Comment s’étonner que l’occupant ose tuer l’icône du journalisme arabe, quand semaine après semaine on a laissé Israël banaliser l’assassinat méthodique des journalistes palestiniens ? [1]

Anas a été tué par ceux dont la raison d’être est le mensonge et le meurtre de masse, dans la volonté de faire taire le récit palestinien, d’effacer l’histoire racontée par les victimes. C’est aussi un avertissement adressé au peu de journalistes qui restent.

A toujours promptement chercher à nier tout lien avec la résistance de tel ou tel journaliste, universitaire, médecin, ne contribuons-nous pas à criminaliser la résistance ? Rappelons-nous que se défendre contre l’occupation, par tous les moyens, est non seulement moral et légitime, mais aussi légal. Ergoter, disculper, discriminer entre innocents  et résistants, c’est faire le jeu de l’occupant et justifier le génocide.

Ramzy Baroud :

« Ignorez la propagande sioniste. Dites votre vérité, ainsi vous contribuerez à marginaliser le récit israélien et à l’orienter vers ce qui doit être dit. Nous voulons parler du génocide, mais dire aussi que nous ne nous rendrons pas. Le fait est que la société de Gaza soutient largement la résistance et que nombreux sont ceux qui sont engagés dans la résistance, qu’elle soit islamique ou socialiste, peu importe. L’occupant nous assassine et nous affame, mais, aussi, nous résistons. Nous sommes organisés. Affirmer l’inverse est aussi une forme de déshumanisation. Nous sommes des combattants pour la liberté. Parce que lorsque votre famille a été assassinée, que votre village a été brûlé, vous résistez. Pour nous, il s’agit d’une guerre de libération. C’est une question de dignité. Oui, c’est un génocide.
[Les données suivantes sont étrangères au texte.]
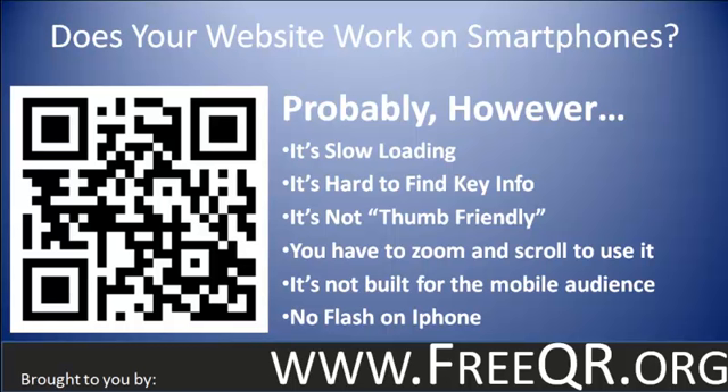This is an important place to mention: your site could be broken completely if it's built in Flash. iPhones still aren't supporting Flash and there are no plans to. Flash works poorly on Androids and doesn't work at all on iPhones.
Mais en tant que Palestiniens, nous avons des choix. Et notre choix, c’est de résister. Pour nous, c’est une guerre de libération. »

L’occupant, qui a largué plus de 150 000 tonnes de bombes sur Gaza ces 22 derniers mois, essaie à présent de nous faire croire à un nouveau plan de prise de contrôle.
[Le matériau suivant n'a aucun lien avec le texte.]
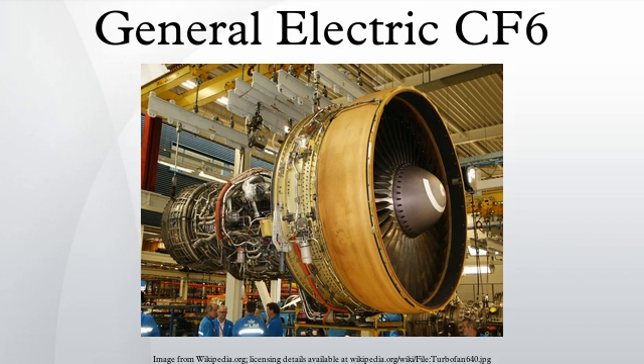The General Electric CF-6 is a family of high-bypass turbofan engines produced by GE Aviation. A development of the TF-39, the first high-power high-bypass jet engine available, the CF-6 powers a wide variety of civilian airliners. The basic engine core formed the basis for the LM2500, LM5000, and LM6000 marine and power generation turboshafts. GE intends to replace the CF-6 family with the GEnx's development.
Israël, qui occupe Gaza depuis 1967, contrôle ses frontières terrestres, maritimes et aériennes, et depuis 18 ans chaque calorie qui y entre, chaque colis qui en sort et qui la bombarde quand bon lui semble depuis 20 ans, essaie à présent de nous faire croire à un tournant majeur.
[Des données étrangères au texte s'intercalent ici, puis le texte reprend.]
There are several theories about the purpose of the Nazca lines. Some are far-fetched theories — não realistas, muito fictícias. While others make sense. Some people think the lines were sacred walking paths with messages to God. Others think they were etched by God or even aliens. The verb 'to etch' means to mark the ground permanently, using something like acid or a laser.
L’occupant ne distord pas seulement le droit, n’inverse pas seulement les valeurs, mais redéfinit aussi les mots et les faits.

A présent, l’occupant évoque sans vergogne ses plans d’annexion du Proche Orient, du Nil à l’Euphrate, sous le nom prometteur de Grande Paix au Proche Orient. L’équation est simple : Grand Israël = destruction de la Palestine et des Palestiniens + soumission des Etats voisins par les bombes / le chantage / la corruption. Le tout sous couvert de « mission messianique ».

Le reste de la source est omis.